Commission on Filipinos Overseas

Chuck


----------



## mogo51 (Jun 11, 2011)

:loco::loco::fingerscrossed:Can you go to the seminar and volunteer?????


----------



## hogrider (May 25, 2010)

Maybe they should hold similar seminars in UK, USA, Oz etc for Western guys planning on marrying a Filipina........


----------



## mogo51 (Jun 11, 2011)

hogrider said:


> Maybe they should hold similar seminars in UK, USA, Oz etc for Western guys planning on marrying a Filipina........


Good idea, but they would leave the seminar and go straight to the Church for their young bride.


----------



## JRB__NW (Apr 8, 2015)

Maybe the thing where Filipinas traveling out of country first time have to be interviewed. First time my GF and I went to Thailand and Malaysia they counseled her, wanted to see pics and proof of our relationship.. and she's not that young, haha. It was about a 30 min delay.


----------



## bigpearl (Jan 24, 2016)

mogo51 said:


> :loco::loco::fingerscrossed:Can you go to the seminar and volunteer?????

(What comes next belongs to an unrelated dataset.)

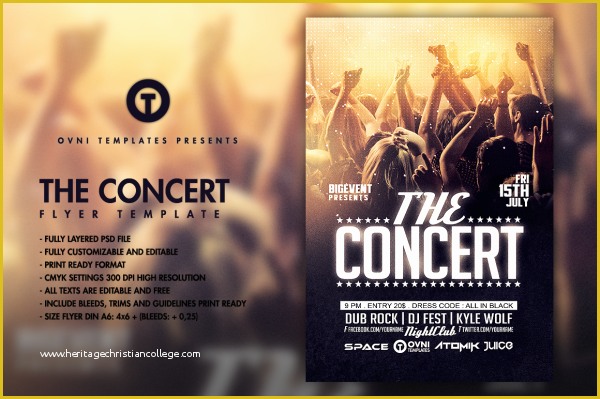 Free Concert Poster Template Of 32 Concert Flyer Templates Psd Vector Eps Jpg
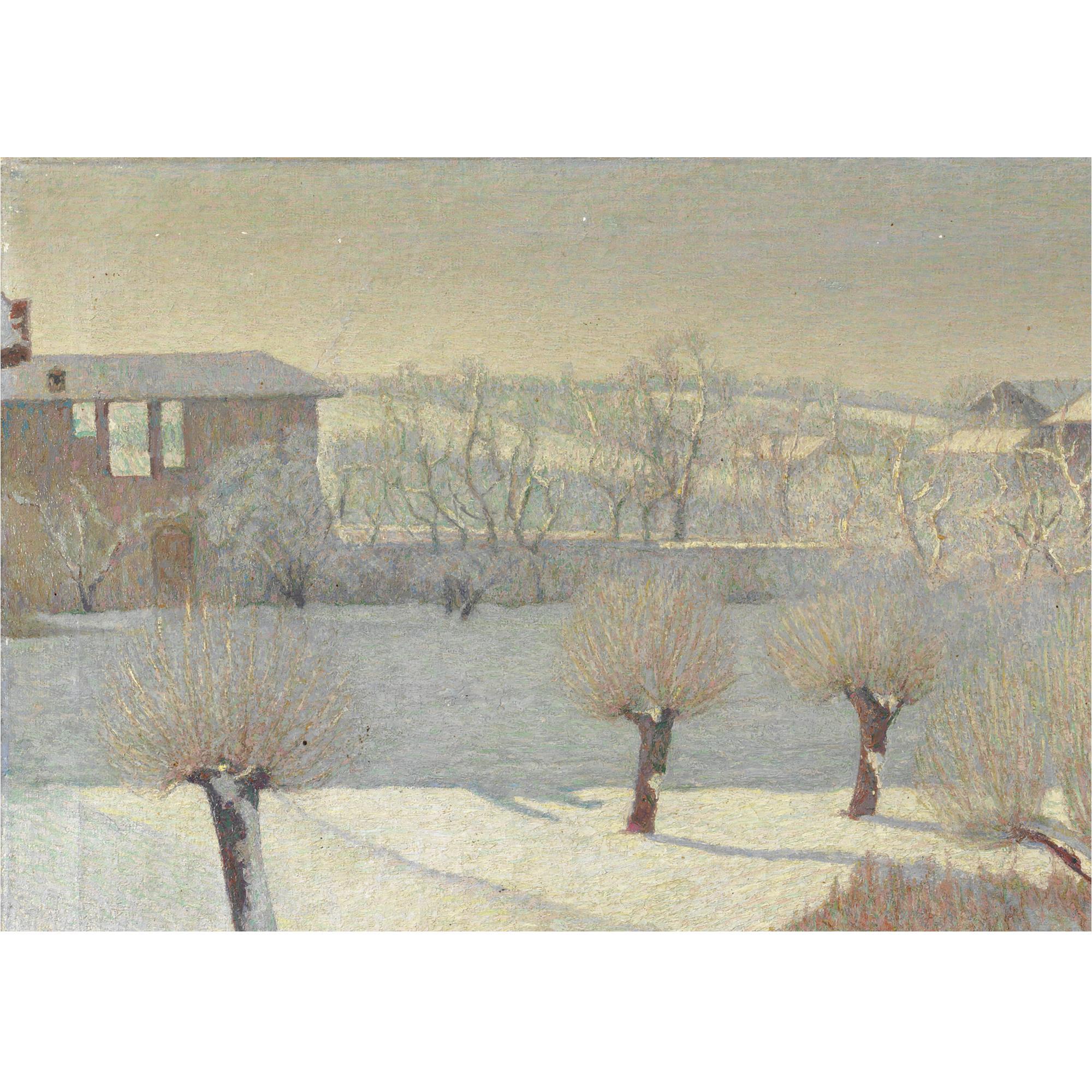 Angelo Barabino - Nevicata A Tortona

As a married/hooked man that may be inadvisable, risky.

Cheers, Steve.


----------



## mogo51 (Jun 11, 2011)

Live life dangerously I always say Steve.


----------



## bigpearl (Jan 24, 2016)

This is related to OZ and something that we had to go through

Exit requirements

Cheers, Steve.


----------



## bigpearl (Jan 24, 2016)

mogo51 said:


> Live life dangerously I always say Steve.[/QUOTE
> 
> Each to their own, monogamy is my thing, hey one is enough to deal with and yes while I window shop and I know my better half also admires beauty and does the same thing I/he have a deep commitment that brings security to our relationship,,,,,, the old saying? Look but don't touch. Worse in Asian countries I believe.
> 
> Cheers, Steve.


----------